I also have a mind to update Prometheus, adding the modulator processing that I added to Argus a few weeks ago. Argus has the English built in; the strings are typed into the code. In Prometheus, all text is in an external file. This makes translation a lot easier, but it struck me that I'll probably never translate Prometheus, and it certainly makes editing the program more awkward. Every message, error, icon, is a number so it takes time to work out what they say. I have half a mind to change the code to include text. I'm wondering if this has a memory dimension. The text should take up the same space, of course, but it would probably move from dynamic to stack memory - would that cause problems?

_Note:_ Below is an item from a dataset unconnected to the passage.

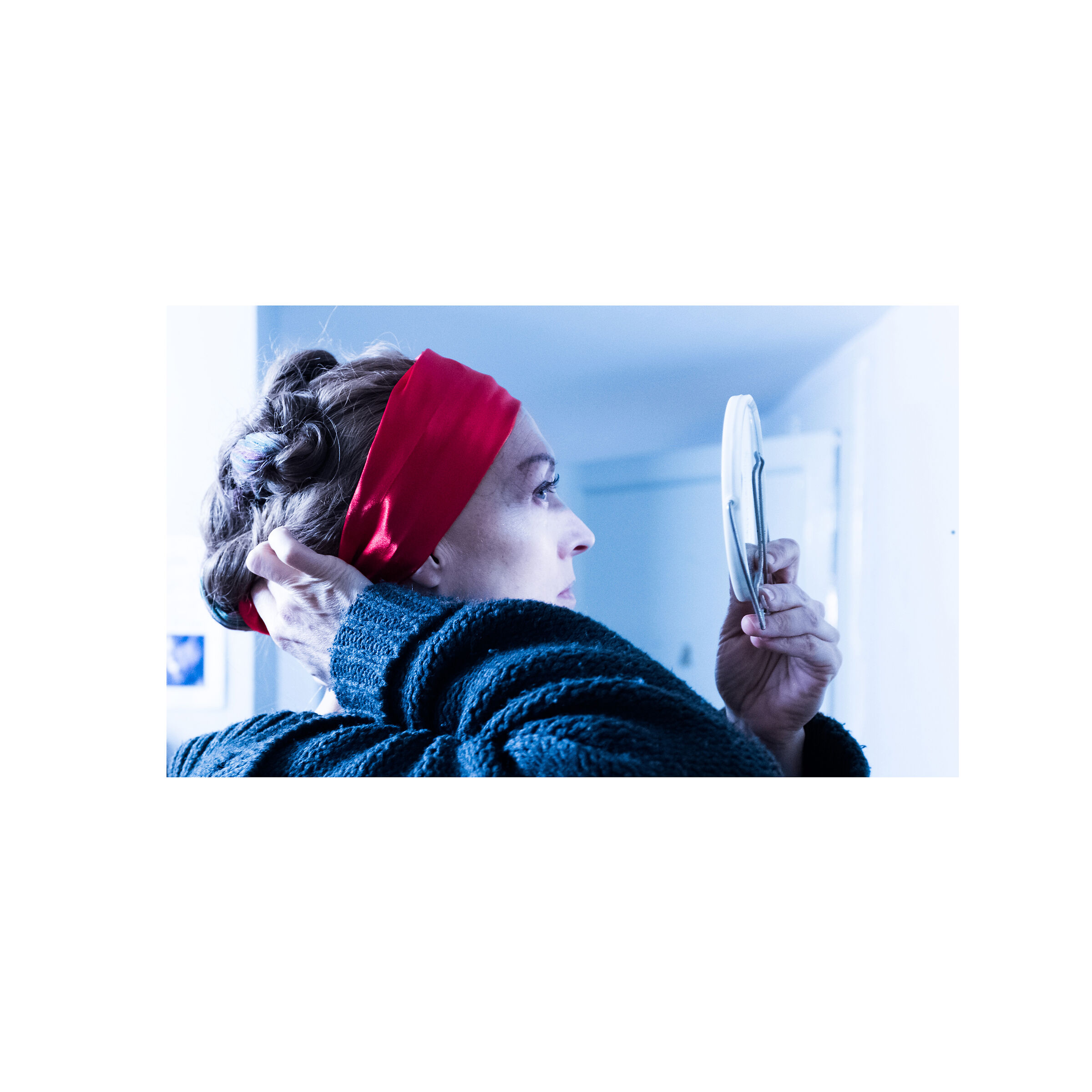 lights,shadows,actors....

A new speaker arrived from Amazon for my Nantwich exhibition, a Sonkir 3W Speaker. It is USB or Li-ion battery powered, and can play from 3.5mm jack plug, or USB stick, or microSD card, or bluetooth, so a master of all things (most speakers limit to one thing or another). This is ideal for art sound installations; it can be left plugged in at low power and the audio will loop forever, and they are small and cheap. I can also connect it to my Microkorg and use it as a temporary speaker. The sound quality is good enough for a 6cm speaker.
The book with it was Nietzsche's Twilight of the Idols; a romp of opinion and hyperbole which, of course, never fails to entertain, though not necessarily enlighten. Reading it makes me want to write a philosophy book in a week, but I feel I'd need to include a smidgen of reason, or a few references.